= Work task =
Print exactly the lines that run from the one containing "ZEROHARM L-Glutathione Reduced" to the final line of the data, both included, and print none of the pictures.

= Data below =
* * * * *

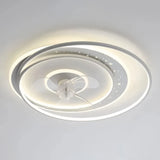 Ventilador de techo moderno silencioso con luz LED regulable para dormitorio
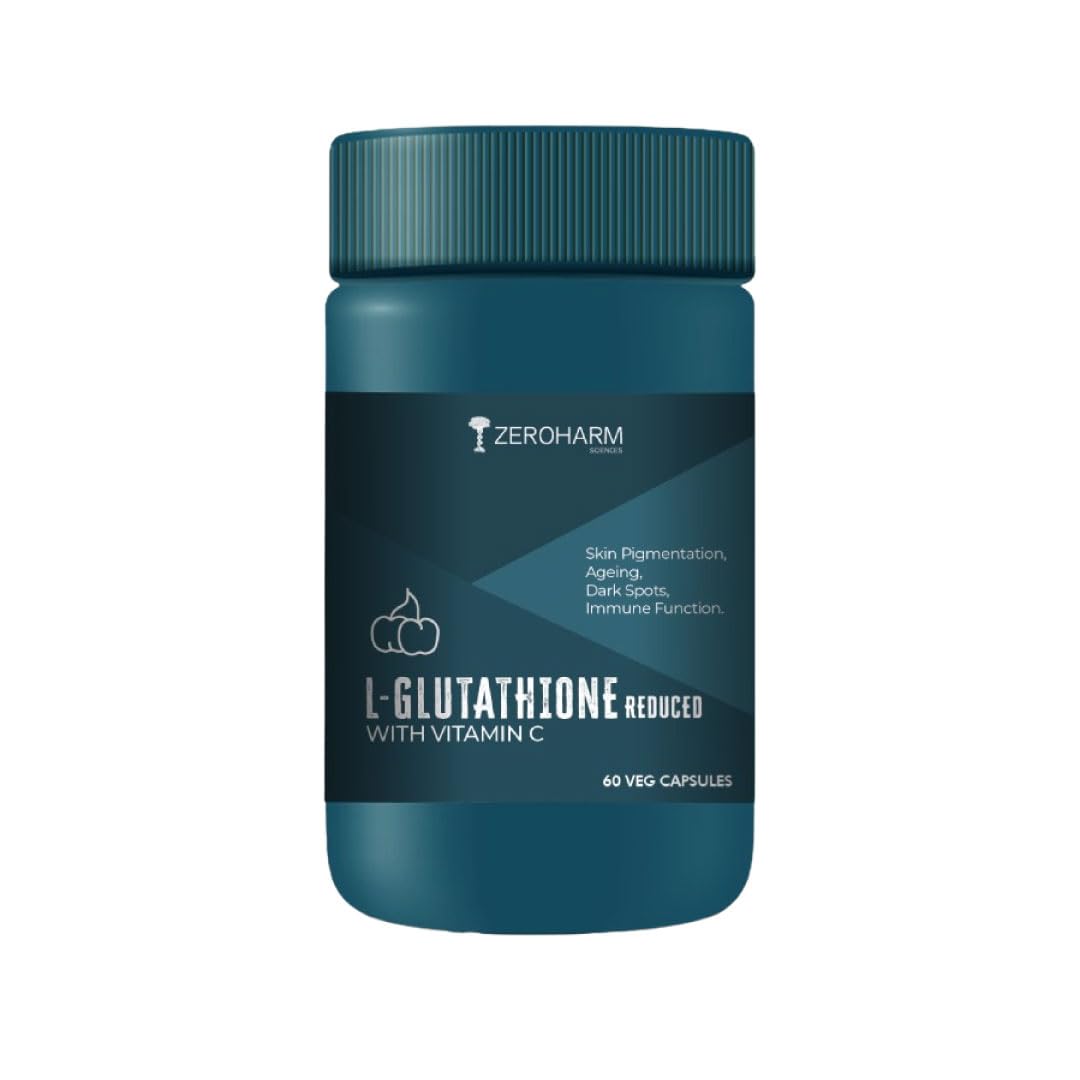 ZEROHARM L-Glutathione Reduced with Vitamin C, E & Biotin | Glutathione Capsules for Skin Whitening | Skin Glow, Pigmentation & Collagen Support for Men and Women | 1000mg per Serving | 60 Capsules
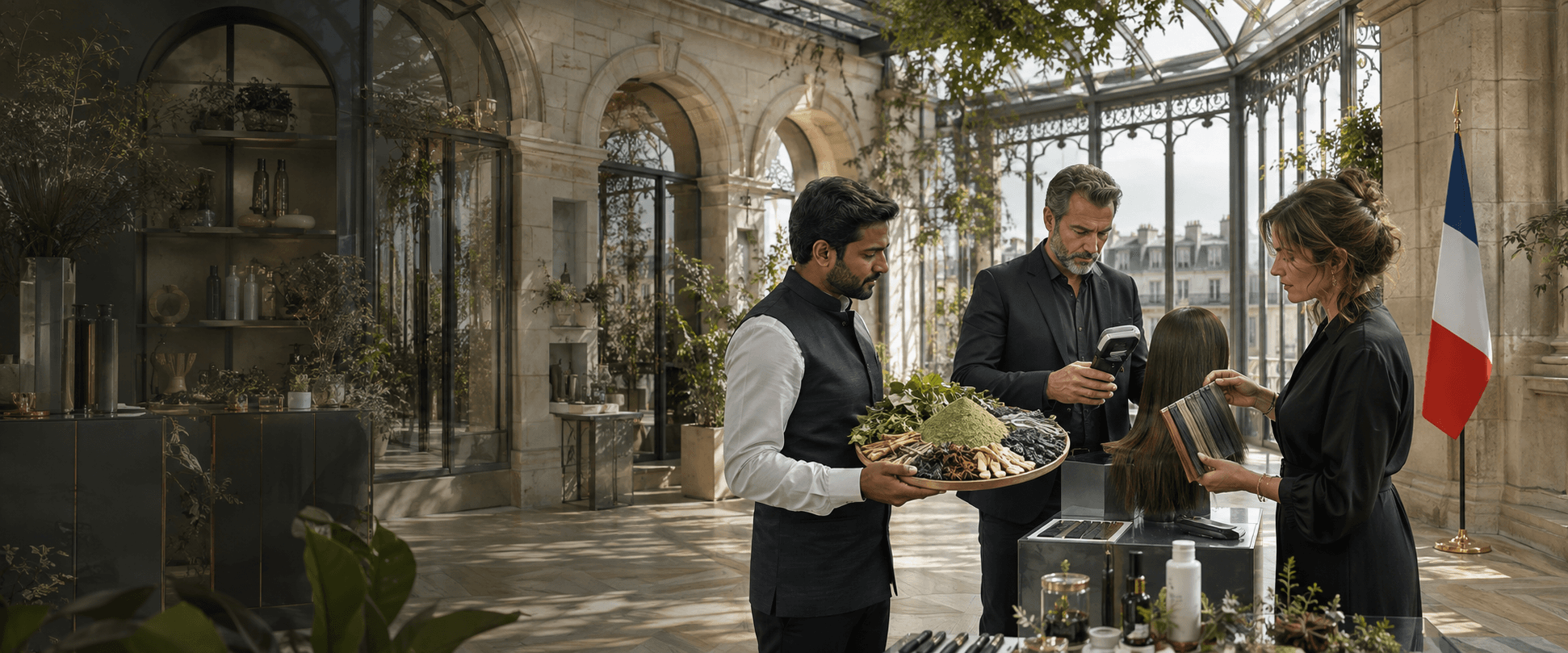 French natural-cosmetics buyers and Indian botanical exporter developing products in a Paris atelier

* * * * *

= The completed task =
 ZEROHARM L-Glutathione Reduced with Vitamin C, E & Biotin | Glutathione Capsules for Skin Whitening | Skin Glow, Pigmentation & Collagen Support for Men and Women | 1000mg per Serving | 60 Capsules
 French natural-cosmetics buyers and Indian botanical exporter developing products in a Paris atelier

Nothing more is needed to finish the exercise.